== Your objective ==
Retype the whole listing that follows so that it matches the original exactly.

== The data ==
————————

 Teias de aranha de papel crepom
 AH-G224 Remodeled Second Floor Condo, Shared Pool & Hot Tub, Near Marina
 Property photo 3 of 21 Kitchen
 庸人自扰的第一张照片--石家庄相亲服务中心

————————

== Response area ==
 Teias de aranha de papel crepom
 AH-G224 Remodeled Second Floor Condo, Shared Pool & Hot Tub, Near Marina
 Property photo 3 of 21 Kitchen
 庸人自扰的第一张照片--石家庄相亲服务中心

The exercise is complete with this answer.